Supervised learning is the family of machine-learning algorithms that learns from labelled data — every training example comes paired with a correct answer. This image shows an owl, this patient has heart disease, this email is spam. The model’s job is to learn a function that takes an input and predicts the correct answer for it.

Two main types of supervised task, distinguished by what kind of answer the model produces:

  • Regression — the answer is a continuous numerical value. Given a person’s age and weight, predict their blood pressure. Given a year, predict the inflation rate.
  • Classification (ML) — the answer is a discrete category. Is this email spam or not? Is this wine high quality or low? Does this patient have diabetes?

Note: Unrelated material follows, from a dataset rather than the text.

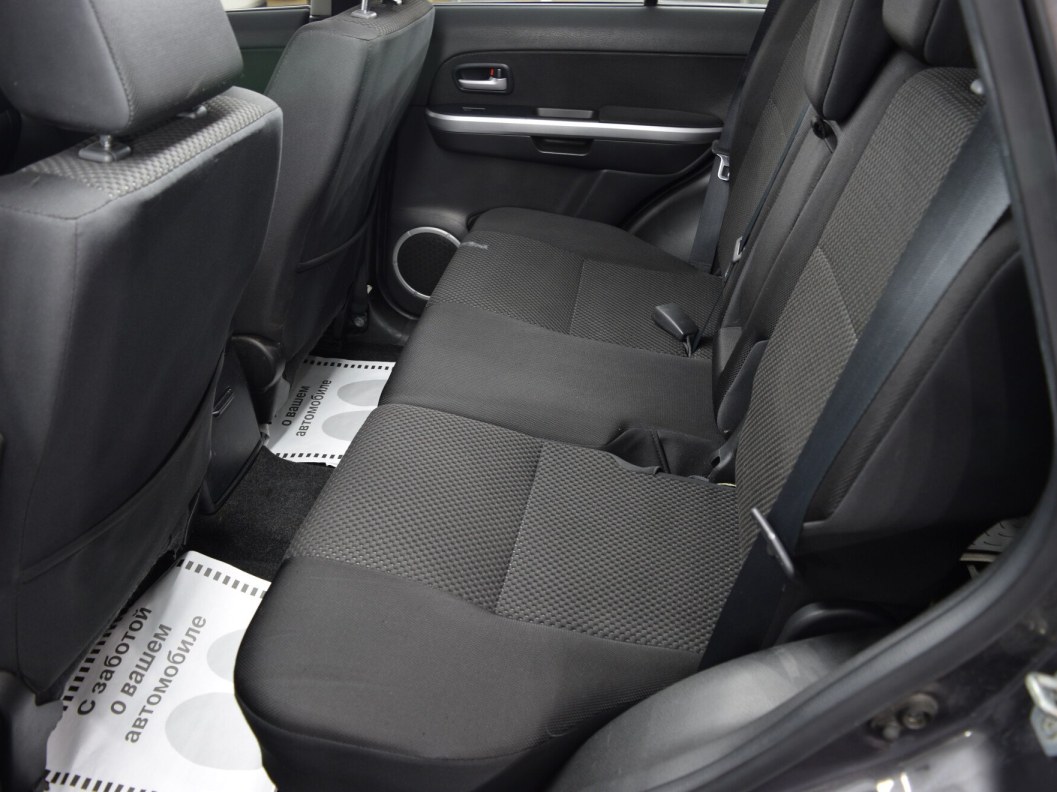 Suzuki Grand Vitara 2.0 АКПП, 2011 фото 13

In both cases, the training procedure is roughly the same: pick a model with adjustable parameters, define a Loss function that measures how badly the model’s predictions agree with the labels, and use Gradient descent (or a closed-form solver when one exists) to find parameters that minimize the loss.

The other two families of machine learning are different in what feedback the algorithm gets:

  • Unsupervised learning uses unlabelled data — just inputs, no correct answers. The model finds structure on its own: clusters, patterns, anomalies, low-dimensional representations. PCA and k-means clustering are unsupervised.
  • Reinforcement learning is interactive — an agent takes actions in an environment, gets rewards or penalties, and learns a policy that maximizes cumulative reward. Chess engines, Go engines, and game-playing agents are trained this way.

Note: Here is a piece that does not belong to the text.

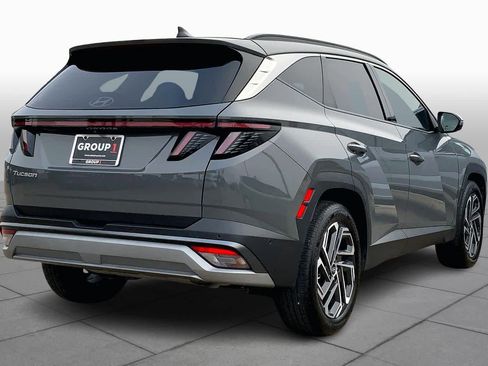 Used 2025 Hyundai Tucson Limited image 13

A simple feel for the distinction: imagine someone shows us a stack of fruit photographs, some oranges and some apples. If the photographs are labelled — orange ones say “orange” — we can learn to classify a new one. That’s supervised. If they’re unlabelled, we can still sort them into piles by visual similarity — color, shape — and end up with two piles even without knowing what they’re called. That’s unsupervised.

The Introduction to Data Science textbook focuses on supervised learning: linear and polynomial Regression for continuous outputs, Logistic regression for binary classification, trained with Gradient descent on standard losses (Mean squared error for regression, Binary cross-entropy for classification).